- Gas turbines, gas engines
- Growing 40% faster than electricity demand
- White paper outlines opportunities
GE's Waukesha reciprocating gas engines range in power output from 120 to 3,605 KW, and run on a range of fuels, including variable quality field gas. Waukesha Gas Engines represents one of the product lines now organized into the GE Distributed Power business unit, to target projects that require durability and performance for oilfield power generation, gas compression, and similar industrial settings.
General Electric is combining three of its product lines into a new business unit, Distributed Power, identifying a series of opportunities for developing and supplying on-site power systems. The industrial conglomerate also indicated plans to invest $1.4 billion in the new business over four years to meet the global demand for such systems.

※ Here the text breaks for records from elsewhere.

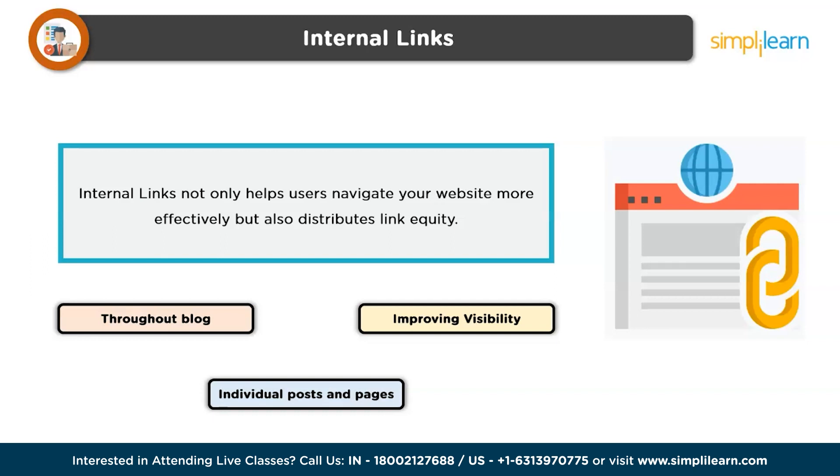Blogging and SEO is a powerful tool for enhancing the visibility and reach of your blog. By implementing the strategies outlined above, bloggers can optimize their content for search engines, attract organic traffic, and establish their blog as a valuable resource within their niche. Embracing blog SEO is essential for staying competitive in the digital landscape and maximizing the impact of your blogging efforts.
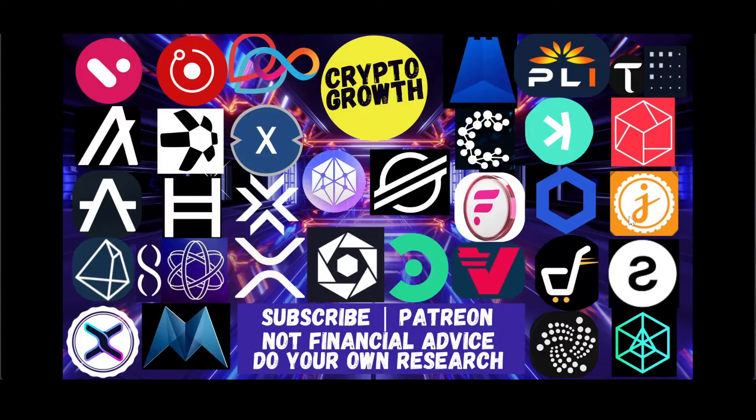Hey Crypto Growth fam, how's it going? This is your host Shazab signing in. We're back with another video. In this video we will be discussing Vello Labs: Transparency Unlocked. It's going to be an interesting one, so make sure to watch till the end. For those of you who are new to the channel, we primarily discuss utility coins and potential gems. If you're interested, subscribe to the channel and hit the notification icon for regular videos.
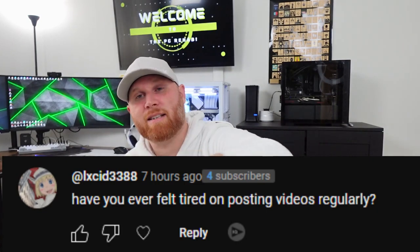Do I ever get tired of posting videos regularly? Tired is not the word I would say, because this is a dream job for me. If I could do this and it be my sole form of survival — I could feed my family and take care of all my bills doing this — that would be fantastic. Now, is it there? No.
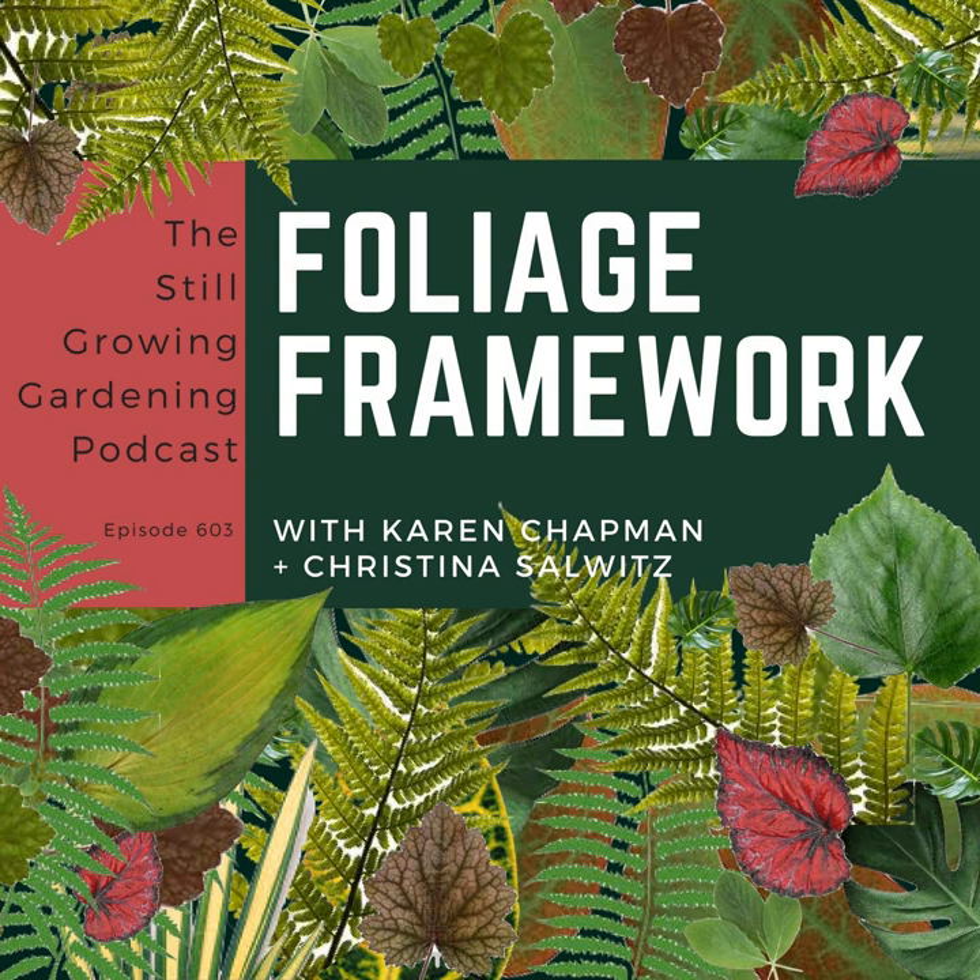In the plant spotlight, Nick Maser from Pan Global Plants shared his favorite begonia, Mexican begonia nigricans. This is a rich, dark begonia with beautifully edged leaves. If you're a begonia lover, check out nigricans.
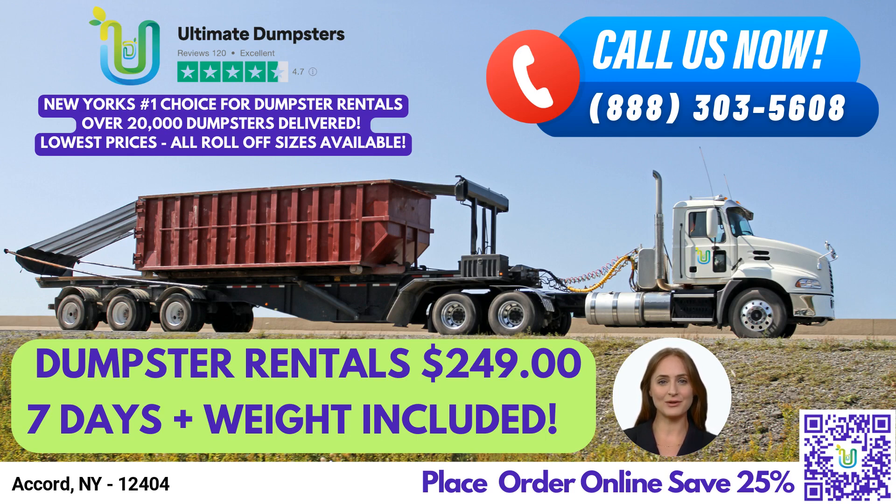To place an order for a dumpster rental, you can call Ultimate Dumpsters or use the QR code in the video to place your order online. Currently, we are offering a 25% discount on dumpster rental orders placed online, so take advantage of this offer and contact us today for all your waste management needs.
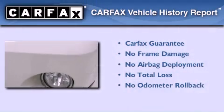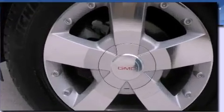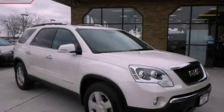Not to mention that this GMC qualifies for the Carfax Buyback Guarantee. Contact us today to schedule your opportunity to see this automobile in person.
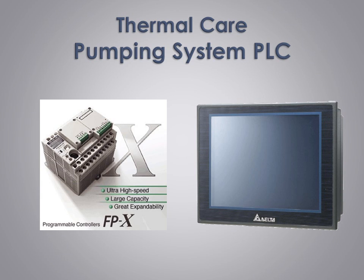ThermalCare's powerful PLC control systems — with our high-speed PLC, high resolution color touch screen, and easy-to-use graphical user interface with built-in user manual and troubleshooting guide — ThermalCare Pumping System PLC controls are just what you need in a pumping system control.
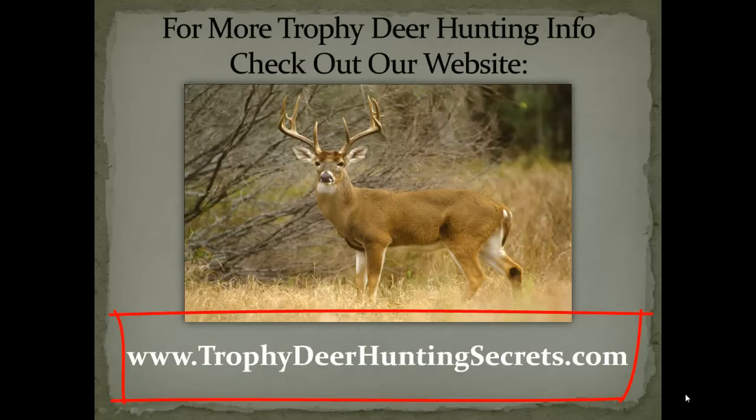For more information about trophy deer hunting, check out our website. You can click on the link below, or visit us at www.TrophyDeerHuntingSecrets.com. Thank you for watching, and you'll see us in our next video.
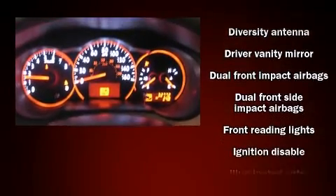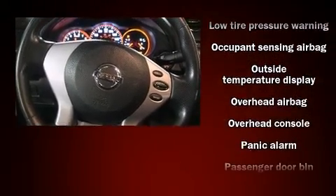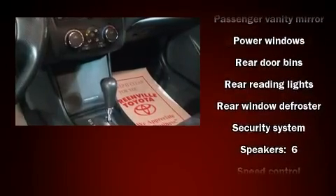Nissan also prioritized safety and security by including dual front impact airbags with occupant sensing airbag, head curtain airbags, anti-whiplash front head restraints, a security system, and four-wheel disc brakes with ABS.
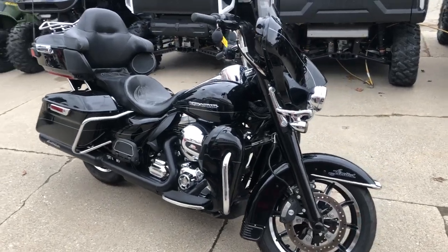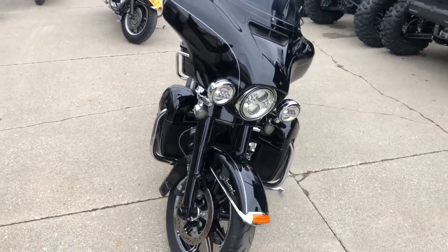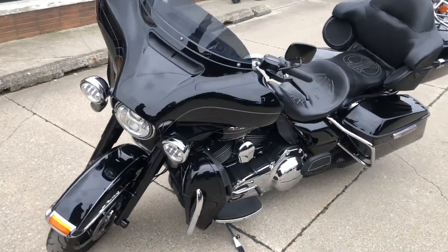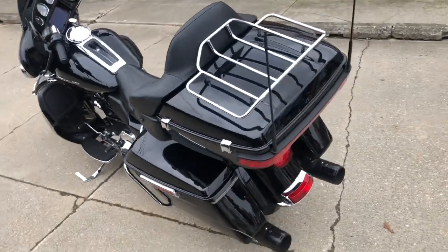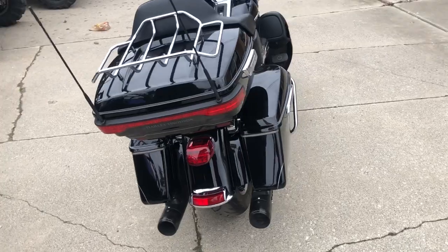Hey guys, approvalpowersports.com here doing some videos on some stuff that just came in. Check this one out — 2014 Ultra Limited for sale, over $2500 in extras on this one. Runs strong, got stage one kit, Screamin' Eagle intake, dual Screamin' Eagle exhaust, includes Daymaker headlight, Daymaker highway lights, custom seat, and oversized LED screen.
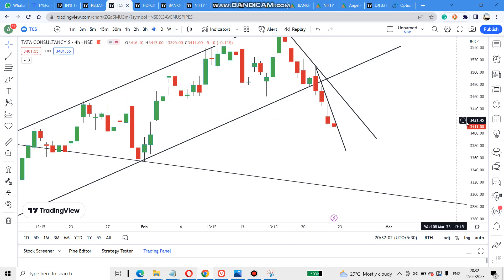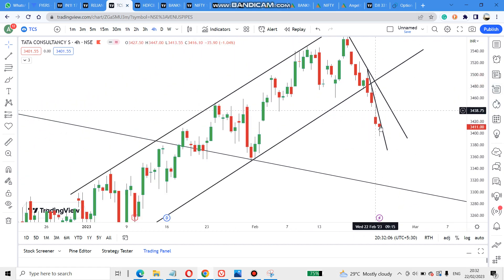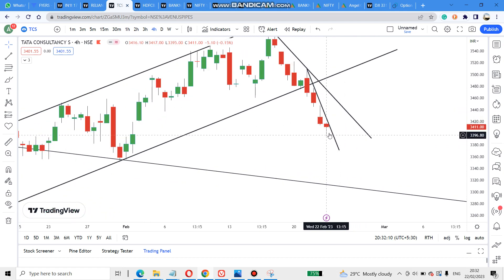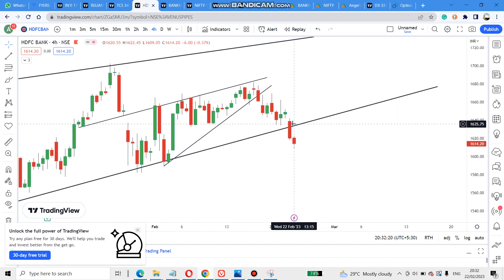As I told you, this stock is falling. Yesterday I said it was falling and posted the chart; today it has fallen again. I've added another trendline — we need to see whether it crosses this trendline or not. If it doesn't cross, it will fall further.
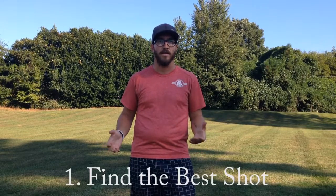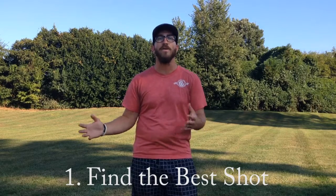My first tip for saving strokes is looking for every shot. Whenever you're in a troublesome spot, or even on the tee, look around, see what your options are, and start to weigh those options. Find the best shot for you. Some days your best shot is a sidearm and some days it's a backhand. Understand where you're at in your game on the day, and understand what shot is going to get you the best score.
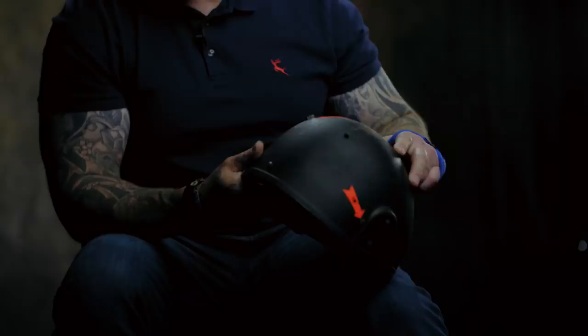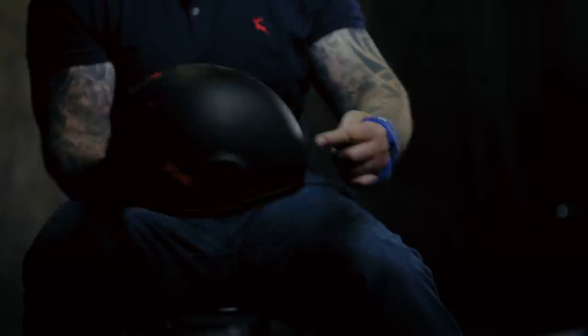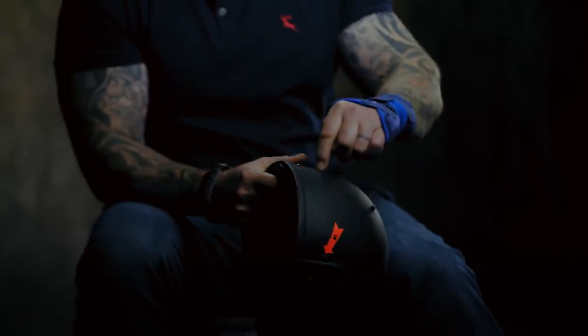I got hit in the helmet, which knocked me out, believe it or not. It knocked me out for about 20 seconds. Basically these have got layers of Kevlar in and it's designed to go around. So if you shot me there, it will come out the back.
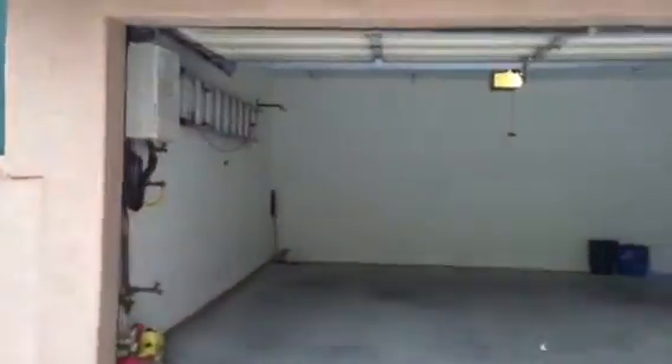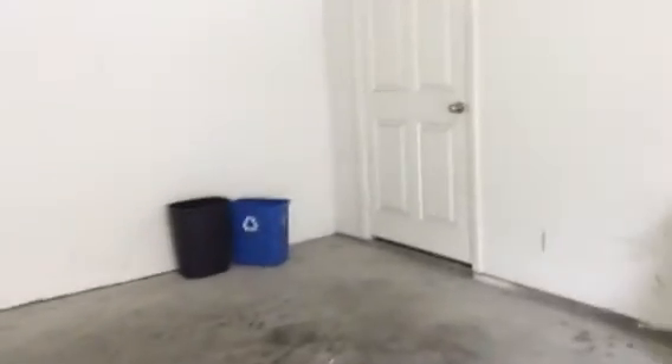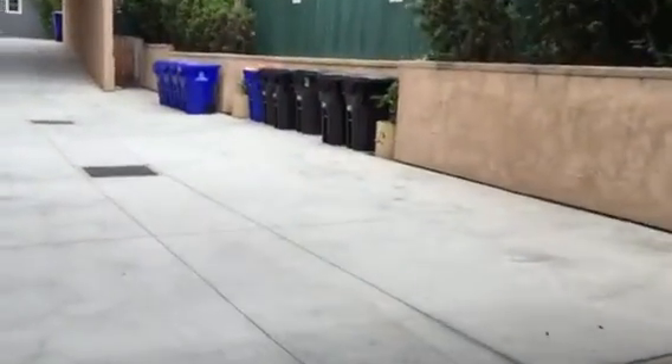It is a nice two-car garage. It has a tankless water heater. Good-sized closet space — pretty deep inside. You have to see how deep it is. Going to this side now. This is an electrical box here; it looks pretty decent and has all the details.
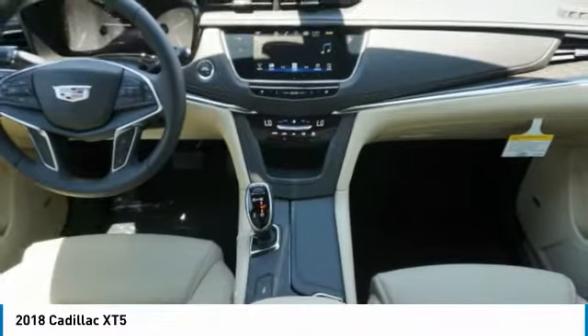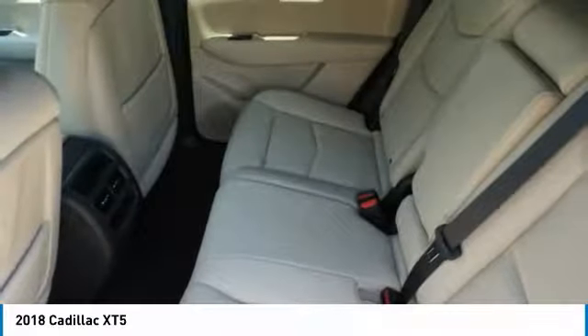A vehicle like this doesn't come along every day. Come in and get it before someone else does.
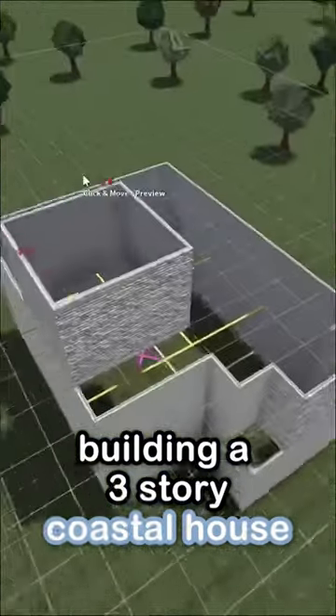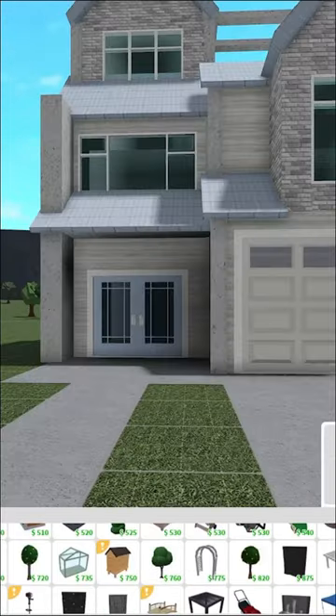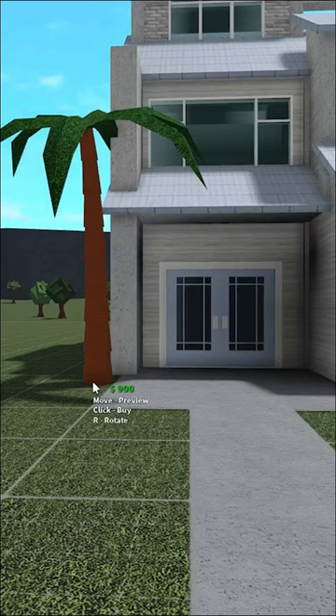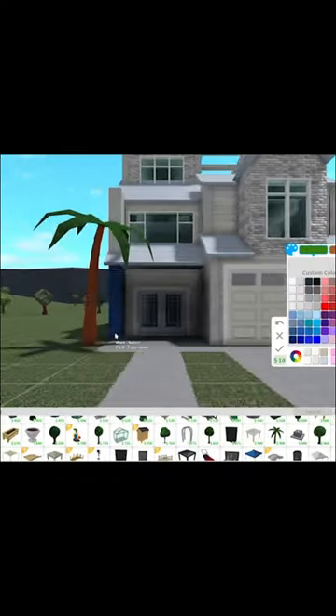If you guys have any ideas what we could make this room, please comment below — an attic, a storage room. I want to place a palm tree because I feel like that is just so fitting for this build. I mean, I feel like that's just kind of obvious.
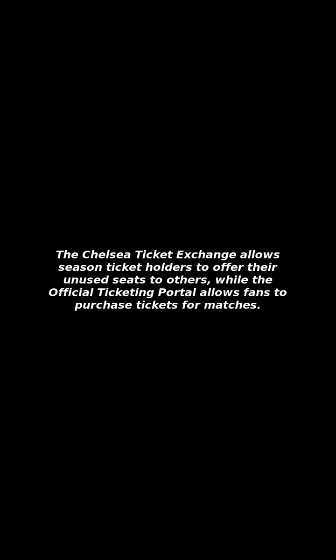The Chelsea Ticket Exchange allows season ticket holders to offer their unused seats to others, while the official ticketing portal allows fans to purchase tickets for matches. Accessible car parking information can be found on the Chelsea FC website.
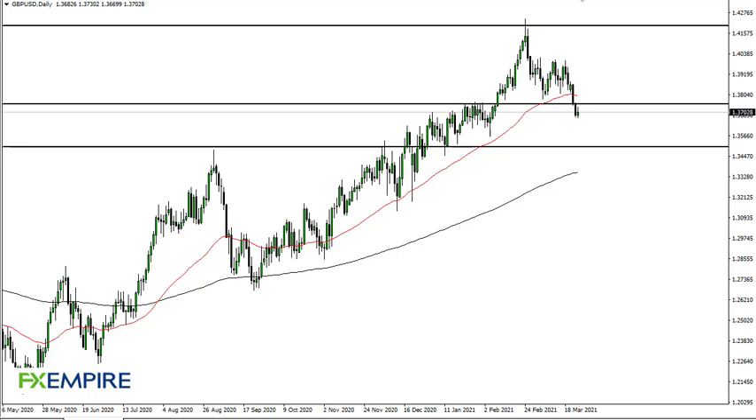From FX Umpire, this is Chris taking a look at the British Pound. As you can see, we initially tried to reach towards the 137.50 level, gave that back, and now it's likely that we're going to go down to 135.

Distributed power, or distributed generation, is the generic term for on-site or decentralized electrical generation, typically taking advantage of available energy sources, co-generation systems, or auxiliary systems, like solar, wind, or hydropower plants. GE forecasts distributed power will grow 40% faster than global electricity demand from today until 2020.
The GE Distributed Power business combines the existing Aeroderivative Gas Turbines, Jenbacher Gas Engines and Waukesha Gas Engines product lines. Each one is identified with the different product or market applications that GE offered in explaining its new organizational strategy.
As outlined in “The Rise of Distributed Power,” a white paper that GE released, distributed power installations are increasing in countries that need more reliable power sources, and/or more efficient-energy options, near the point of use, whether on or off the grid.
Also, communities as well as businesses are installing distributed power systems to improve access to electricity in remote areas where the grid is poor or does not exist. In both developing and developed economies, industrial users are adopting distributed power to improve industrial and residential energy efficiency, and to ensure they have power available in the event of natural disasters and other emergency situations.
In one specific industry, oil and natural gas, the producers rely on on-site power to provide electricity to remote operations, as well as mechanical power to pump and compress gas.
In coordination with the announcement at an event in Jakarta, Indonesia, GE announced a series of agreements to develop distributed power projects in the Southeast Asian region. These include memoranda of understanding with Clean Power Indonesia and PLN to develop and deploy an integrated biomass gasification power system; and two gas engine supply-and-service agreements with developer Navigat Energy Pte. Ltd to provide 100 new Jenbacher gas engines, to generate a total of 330 MW at independent power production sites in Indonesia and Thailand.
Other announcements included projects calling for natural gas engines, and more systems and services for on-site power projects.
“With more than 1.3 billion people lacking access to reliable power today, our Distributed Power business is ideally positioned to serve communities in both developing and industrialized countries where we see a growing demand for distributed power solutions to improve local energy security and comply with more stringent environmental regulations,” stated Lorraine Bolsinger, president and CEO the new business.